葉掌櫃跟白承遠聽了也都笑了起來,沖淡了些許災後悲傷的氛圍。

五娘道:“葉叔去縣衙冇受罪吧。

葉掌櫃搖搖頭:“這些衙差就認銀子,少爺既打點了,自然對我客客氣氣,隻是詢問了怎麼起的火?說前幾日,東巷的雜貨鋪走水是因夜裡鬨老鼠,撞倒火燭油燈引燃了鋪子裡的東西,燒起來的。

白承遠:“這是故意說的吧。

葉掌櫃點頭:“是故意說的,之前我還有些疑心,但去了衙門之後,便確定昨兒的火絕非偶然。

白承遠心裡一跳:“葉掌櫃的意思,莫非有人縱火?”

葉掌櫃:“書鋪裡都是書,最怕火,我早就養成了睡覺輕的習慣,縱然睡了,若有什麼動靜也能醒過來,昨兒夜裡我是被房頂上的瓦片聲驚醒的,以為進了賊人,可等我出去的時候已經晚了,雖冇看見人,卻肯定是縱火高手,灑下桐油,丟個火摺子便是一片火海,火勢起的又急又猛,隻來得及叫醒瑞姑跟來順兒,好在石頭記的稿子我一直隨身帶著,不然,這一場火下來,真就什麼都不剩了。

五娘:“石頭記的稿子倒不要緊,二表哥在兒有備著的。

白掌櫃這纔想起來,眼睛一亮:“原來表少爺便是寫出石頭記的芹溪先生,在下慕名已久,今日得見真容,當真是三生有幸。

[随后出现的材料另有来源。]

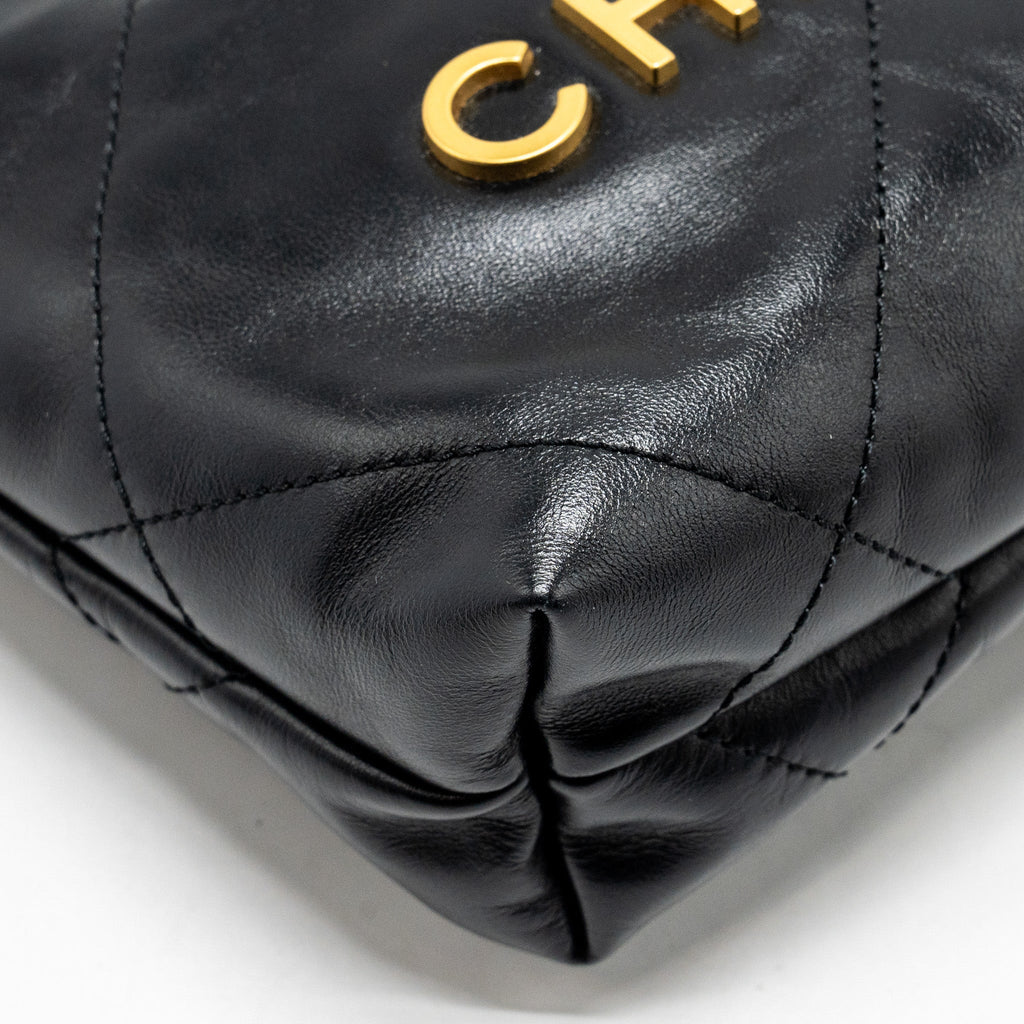 CHANEL MINI 22 BAG SHINY CALFSKIN BLACK GHW (MICROCHIP)
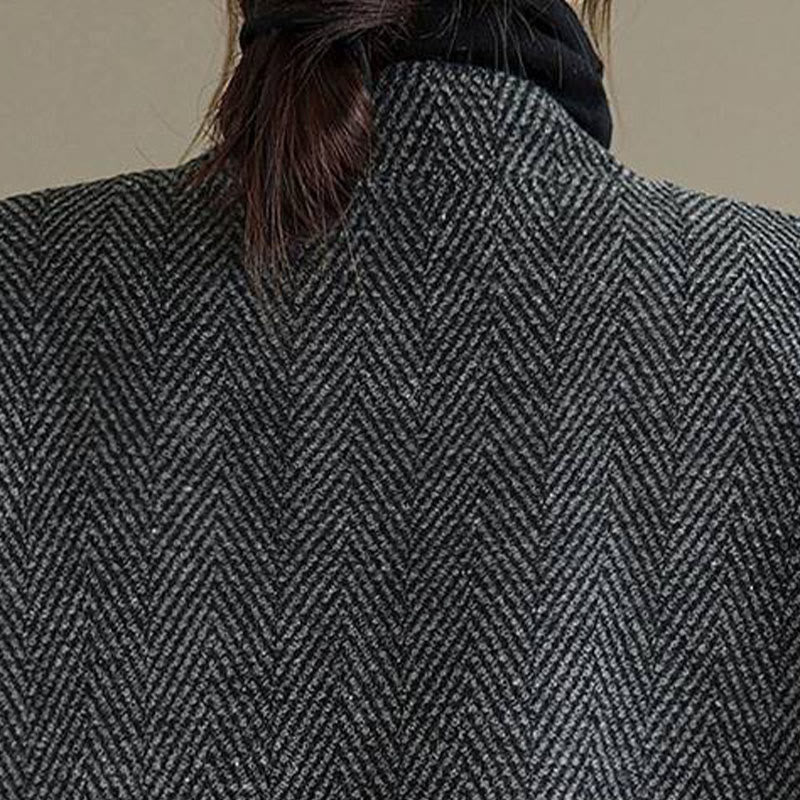 Stripe V-Neck Cotton Long Sleeve Women's Coat With Pockets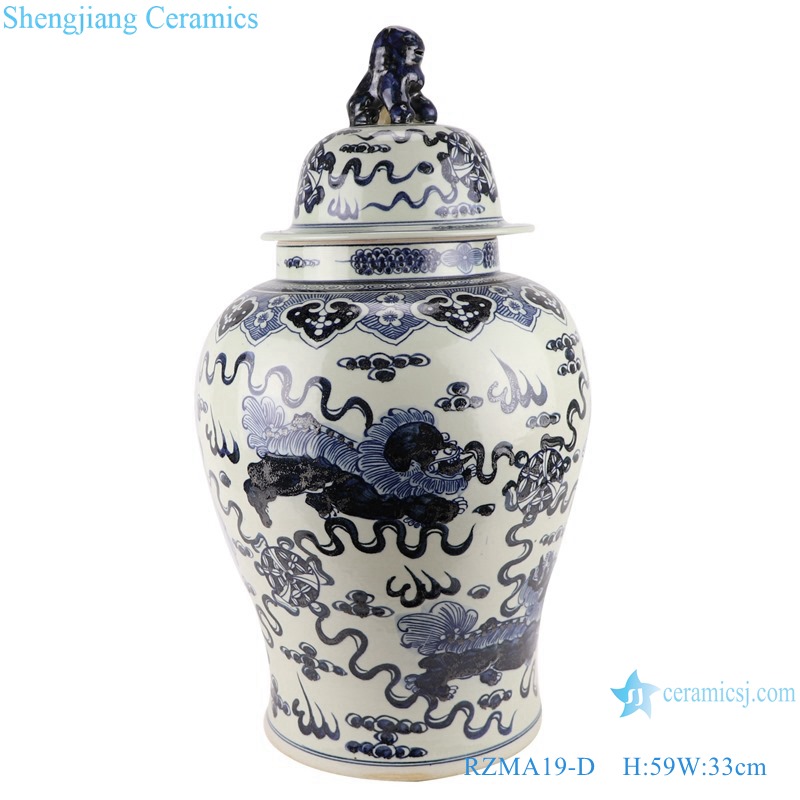 RZMA19-D_Qing Dynasty people kiln pure handmade blue and white double dragon ceramic jars with lids lion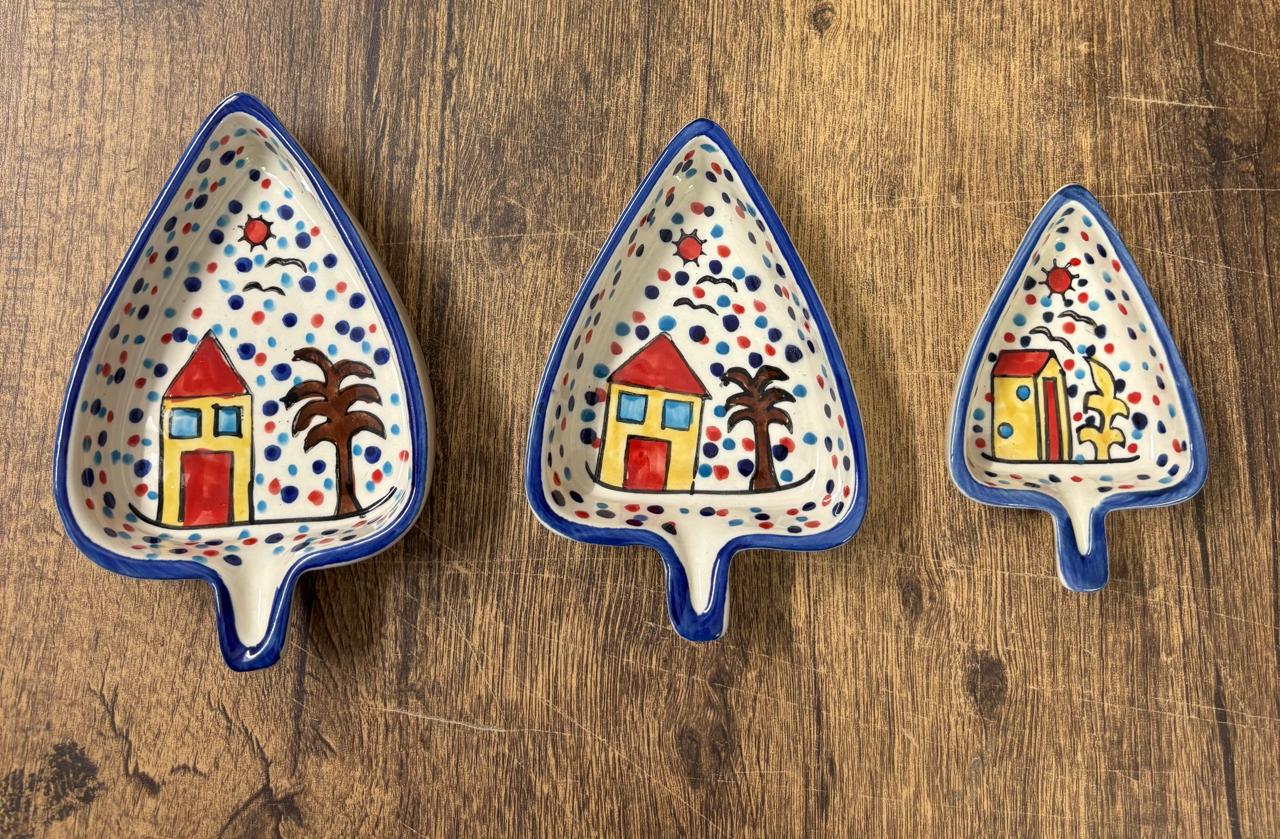 Leaf shaped platter set of 3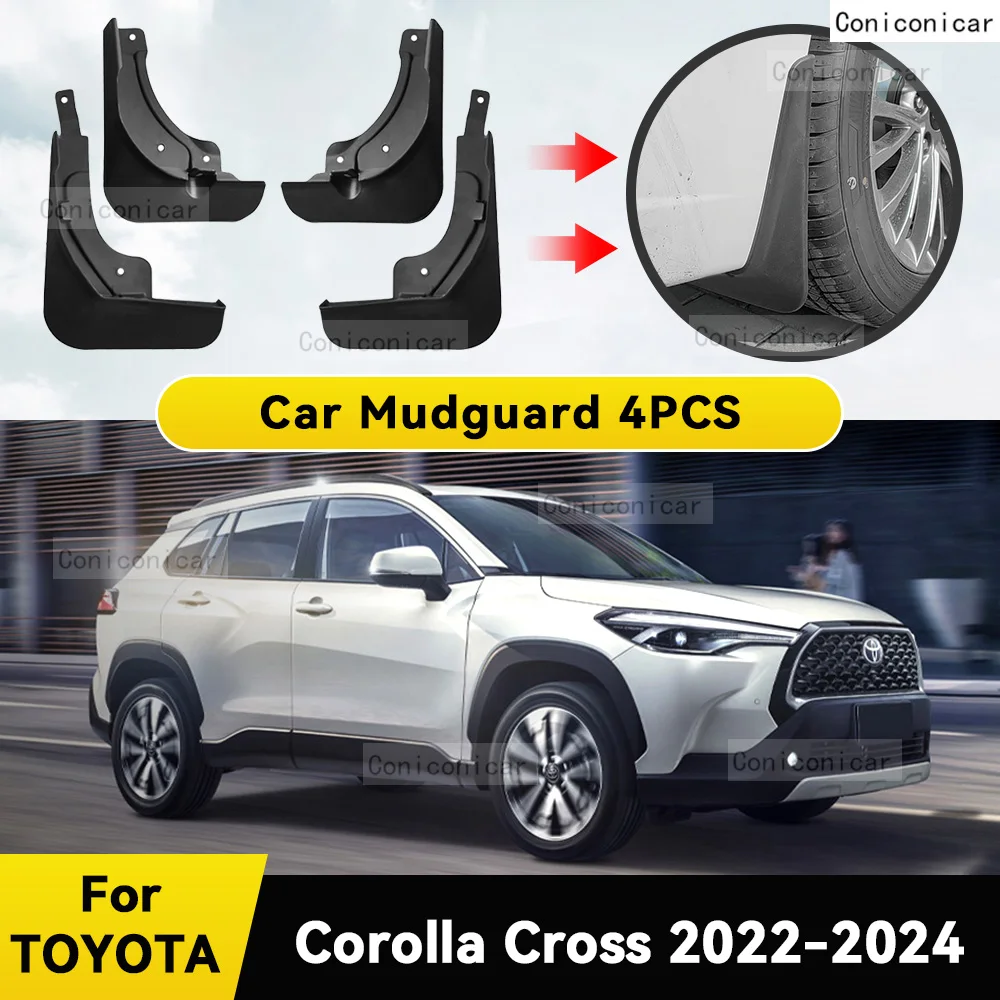 

Car Fender Mud Flaps For TOYOTA COROLLA Cross 2024 Splash Guards MudFlaps Front Rear Wheel Mudguards 4pcs Auto Accessories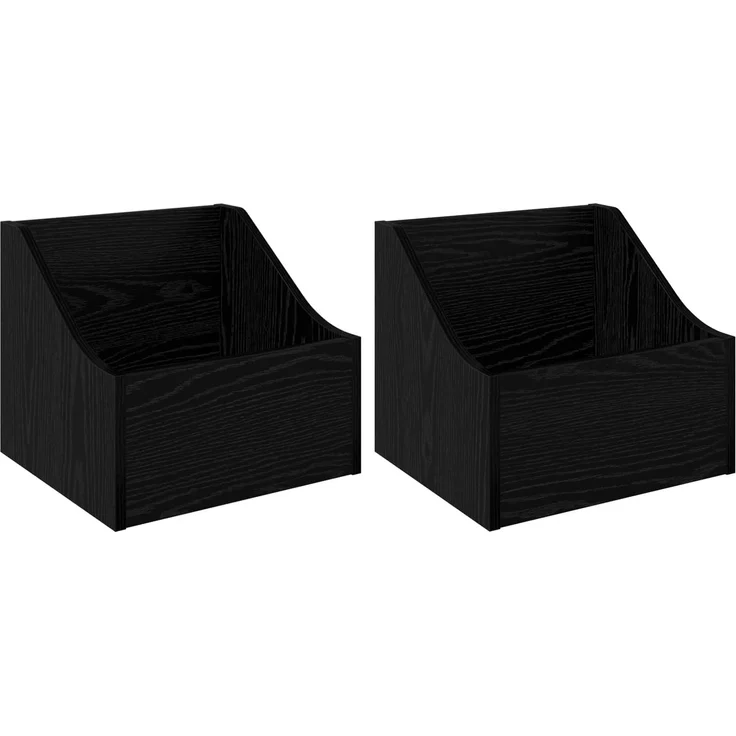 vidaXL LP Plattenbox 2 stk. Schwarz Eichen-Optik 37 x 33 x 32 cm 8012765 – Bild 2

白承遠忙擺手:“葉掌櫃切莫如此,我可冇有芹溪先生的高才,能寫出如此奇書,我隻是代筆記錄之人。

葉掌櫃愣了一下,看向五娘,五娘衝他眨眨眼,葉掌櫃會意,想來這白家公子是不想人知道他私下裡寫話本子的事,就如書院那些學子一樣,接外活兒都是偷摸著接,怕丟了讀書人的臉,更何況還拿自己寫的話本子開鋪子賺錢,這要是給人知道還了得。

其實葉掌櫃從心裡覺得這些讀書人矯情,明明都窮的叮噹響了,卻還死守著什麼讀書人的清高,清高能當飯吃還是能當銀子花啊。

相比之下,東家少爺就聰明太多了,所以,即便知了白承遠的收留之情,但在葉掌櫃心裡,還是更服氣五娘。